High gain directional antennas in the countryside make sense since there are fewer cell towers, often with good line of sight and so pointing an antenna and picking up one further away is feasible. Because of low RF density signal received tends to be clean too with a low RF noise floor.

In London however cell towers are everywhere, its built up and causes RF reflections, so a high gain directional antenna and even a mid gain omni will pick up RF noise from all over the place.

The more noise you have, the less usable quality bandwidth you can use.

I have done London installs where I have intentionally put MAX routers with paddle antennas behind RF blocking infrastructure to lower the noise floor (means only the strongest nearest cell tower signal can reach me). Although that is an extreme situation to be in.

A more recent approach to consider is to use integrated routers and antennas like the HD Dome series. Peter west has been championing this recently. With custom stands that hold 8 CAT 18 domes.

This lets you position the stands up to 100M away from your Peplink router (a WAN per dome is needed and Peter loves the SDX Pro for this) as they are powered over POE and so you can put the domes where the signal is and your router where the user devices are.

If you are working within a budget, get two omni antennas and two directional antennas. Peplink have a directional in the works but I don’t think you can buy it yet so look at the Poynting Xpol2 for now for that.

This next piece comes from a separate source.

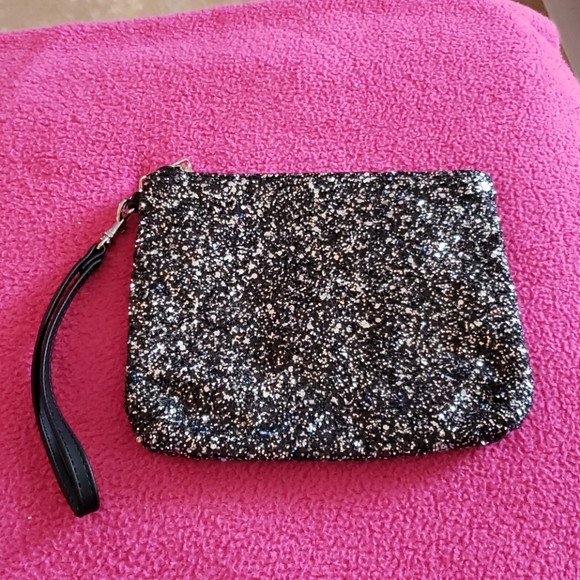 Target Handbags - 🔷️$8/ea OR 3/$20🔷️Dressy Wristlet/clutch
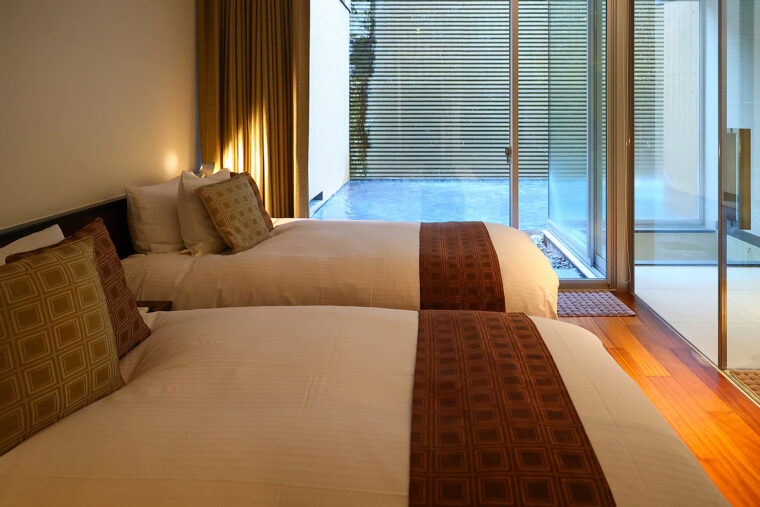 やわらかな光が差し込むベッドルームでくつろいで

Those combined with some speaker stands (or mic stands at a push) so you can elevate them over the heads of the RF blocking humans in the vicinity on 5M / 15ft cables so you can run the cable through a window will be a good place to start.

Peplink is doing a webinar on the Puma Antennas on the 8th July you might find interesting too

This post is more than long enough, but before I sign off: its very easy to worry about lateral separation and antenna phase and VSWR and cable length and all the other stuff.

Don’t since so much is out of your control on live events anyway. Instead give yourself as much time as possible. Connect a directional and omni antenna to the modems for each provider and then run speed-tests on each cellular connection. If the modem with the directional is better use directional antennas. If its worse, rotate the antenna by 90 degrees and run the speedtest again, then repeat until you’ve done 360 degrees. Then use the antenna that works best in that situation and focus on the other stuff you need to do.


Martin, thanks for answering my questions as well as your recommendations. It was helpful to read through how you might think through different situations. Your conclusion was spot on. As a part of a small AV company, I do have other things to do at each event. Your advice about what things matter most and keeping a simple workflow will be helpful.

With 2 omni antennas, can I place them side-by-side like Peter West’s integrated domes? or would they be better off vertically spaced to place them in the cancellation zone of each other?

Same question with the directional antennas? At what distance will they start interfering with each other?

The right technical answer is likely 3 x the wavelength in use as the space between mimo antennas in both directions - horizontally and vertically. There is a handy wavelength chart here so typically we’d see LTE frequencies range from 600Mhz (WL of 50cm) up to 2.6Ghz (WL of ~8.6cm).

Therefore, if you are in the countryside and using the lower frequencies because you are further from the tower, spreading your antennas 1.5m apart vertically and horizontally is arguably the right thing to do, and if you are in the city and using the 2.6Ghz mainly then at least ~26cm separation would be best.

In practice though you should spread the antennas as far apart as possible, and when not possible don’t worry about it.

I always try and keep at least 50cm between MIMO antennas when installing them on a vehicle roof or in a mobile deployment, and a meter or more when on stands if possible.